(Captioned web image data)
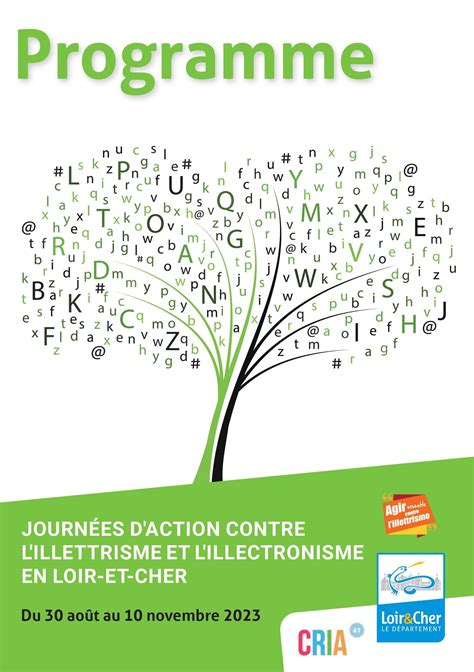 Lancement Des Journ Es Nationales D Action Contre L Illettrisme Et L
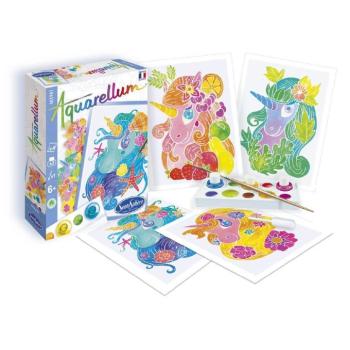 Sentosphere Aquarely mini - Egyszarvúak kép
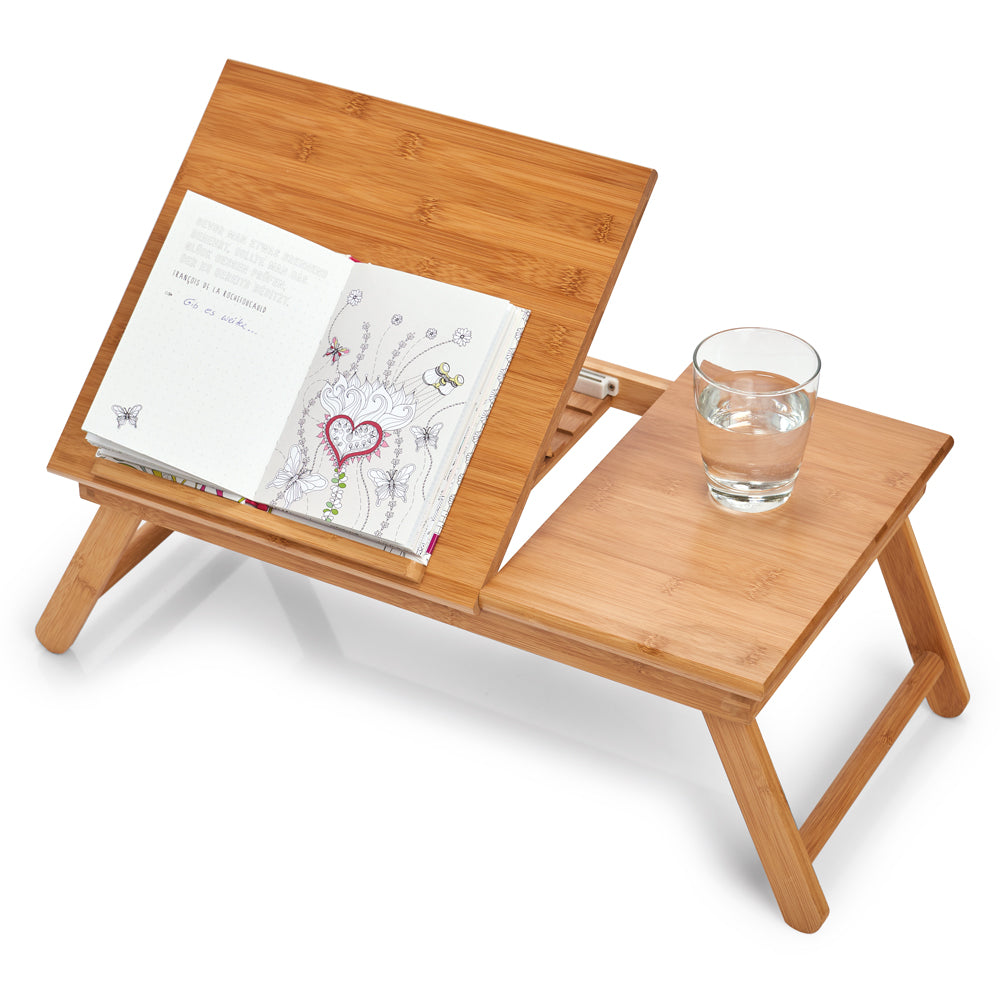 Podstawka pod laptopa Wondle z bambusa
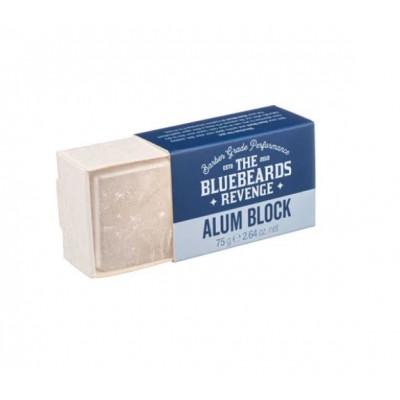 Камень от порезов The Bluebeards Revenge Alum Block Камень от порезов The Bluebeards Revenge Alum Block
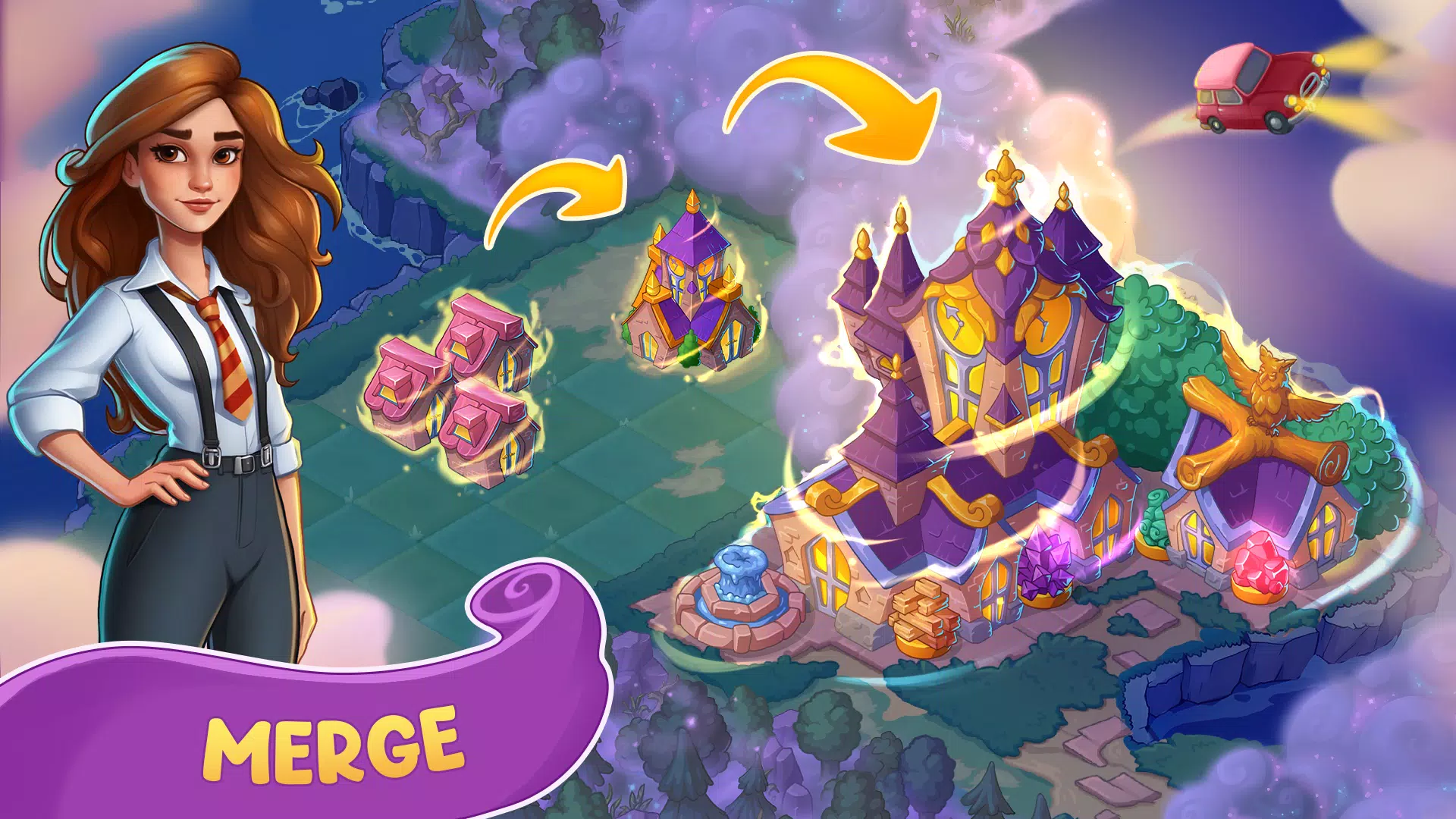 寓言小镇最新手机版v1.10.2 安卓版截图4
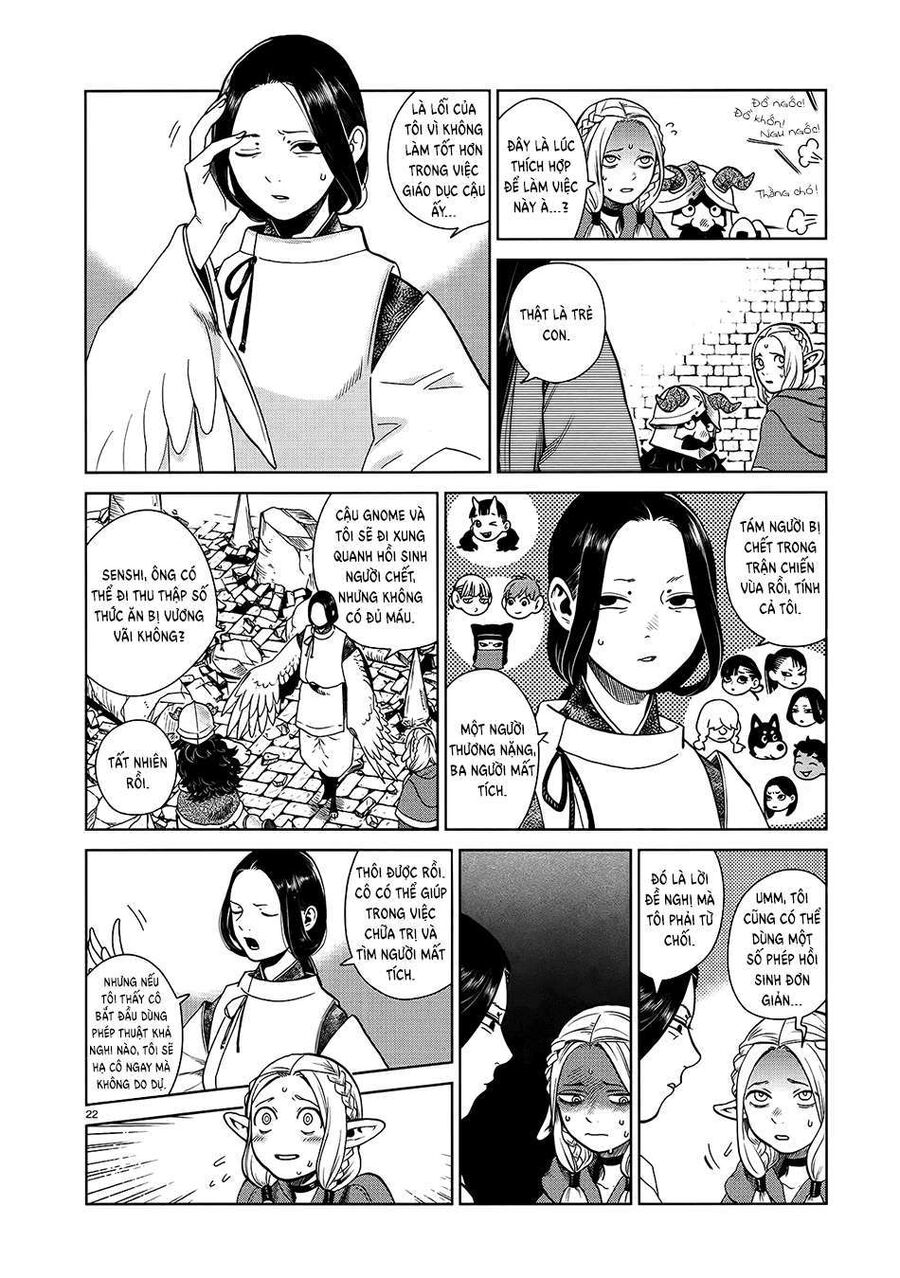 Mỹ Vị Hầm Ngục Chapter 38 - Trang 2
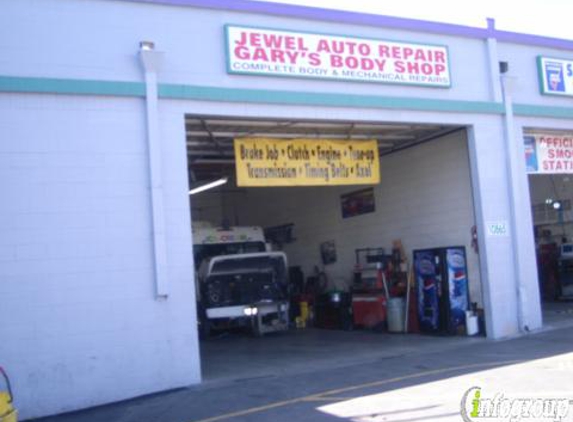 Jewel Auto Repair - Sun Valley, CA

— What you need to do —
Only the lines from the one containing "Mỹ Vị Hầm Ngục Chapter 38 - Trang 2" through the end of the records should be copied, exactly and with both ends included; the pictures should not.

— Response to this task —
 Mỹ Vị Hầm Ngục Chapter 38 - Trang 2
 Jewel Auto Repair - Sun Valley, CA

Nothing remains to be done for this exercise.